With farmers, founders, executives, and innovators all in one room, the energy was high, and the takeaways were clear. Below are some of the biggest themes we walked away with. These ideas challenge how we lead, how we tell our story, and how we show up every day in agriculture. 

1. Authenticity Always Wins 

One of the strongest messages from the week came from Erika Ayers Badan, CEO of Food52, and it was refreshingly simple: authenticity isn’t optional. It’s everything. 

If you’re not who you say you are, or not what you appear to be, people eventually notice. And when they do, trust erodes fast. Erika laid out a few principles that hit home for a lot of us: 

  • Love your customers genuinely. 
  • Super-serve them and their teams on their timeline and in the places they live. 
  • Be spontaneous and consistent. 
  • Stop pretending to be perfect. 
  • Don’t apologize for what you’re not. 
  • Build for who you actually are, not who you think you should be. 

The bottom line? Authenticity has to be 24/7. In a world where people are constantly marketed to, the brands and leaders who win are the ones who show up real, human, and honest every single time. 

2. Building and Scaling Businesses in Agriculture 

One of the most meaningful moments of FARMCON came during the Building and Scaling Businesses in Agriculture panel. 

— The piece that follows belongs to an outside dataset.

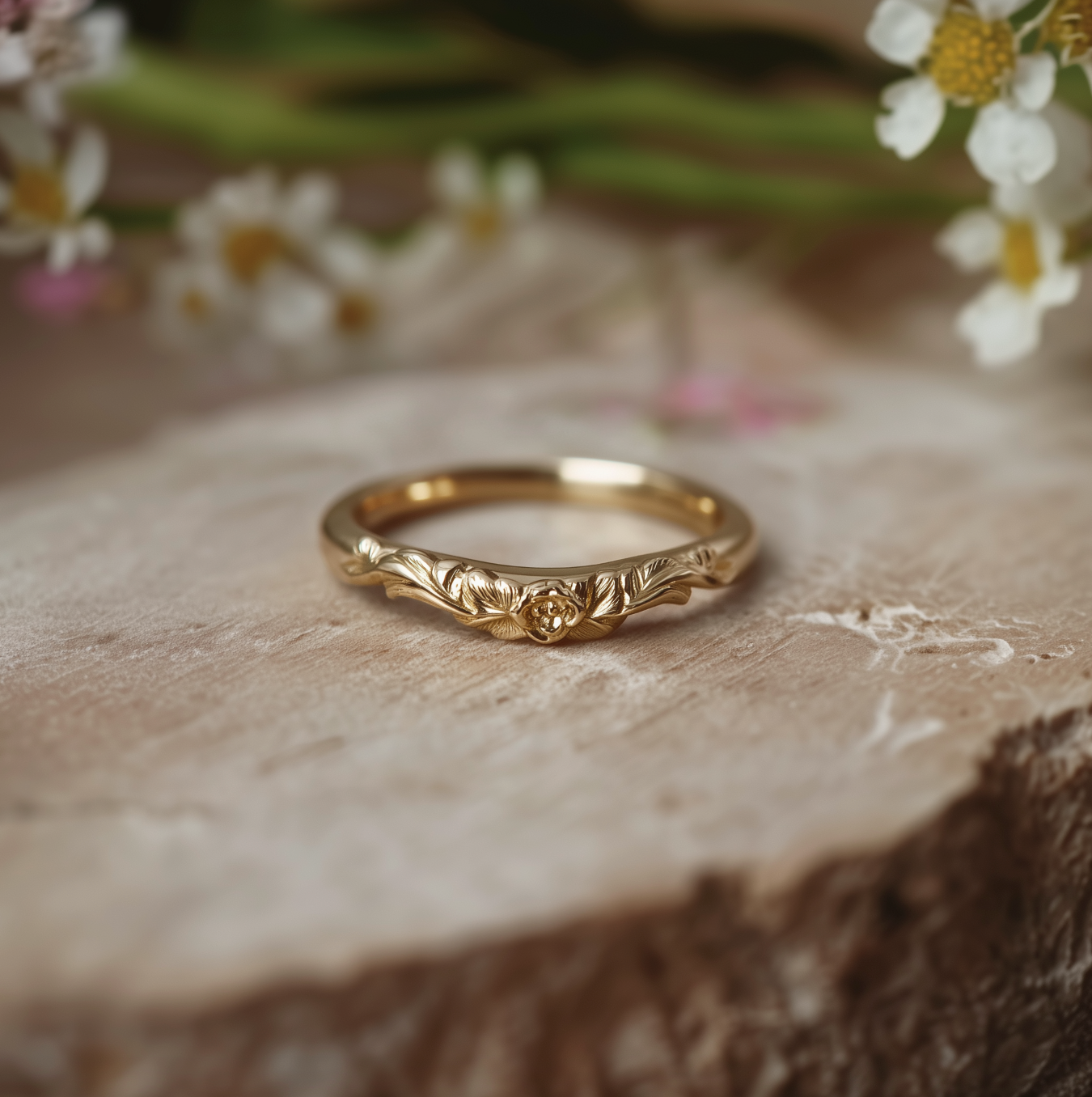 Enara’s Garden 14k Gold Engraved Wedding Band For Men and Women, Floral Leaf Matching Wedding Ring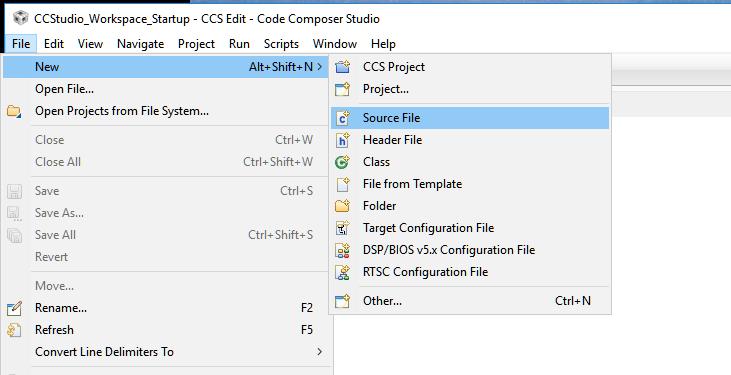 Create a new C source file Make sure your project is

Jordan Van Trump, founder of AgSwag, shared a reflection that resonated deeply. What he has built isn’t just a swag company. It is a business centered on celebrating the American farmer. Just as importantly, it is something he built with his family. That reminder that success does not have to come at the expense of values or relationships landed hard. 

The conversation naturally expanded into the importance of culture and core values. Barrett Ersek shared a candid moment from his own leadership journey, explaining that just 14 months ago, his leadership team could not clearly articulate the company’s core values. That realization forced a reset, and that is okay. What matters is not ignoring the problem. By facing it head-on, realignment happened, and today those values are actively lived out, not just written down. 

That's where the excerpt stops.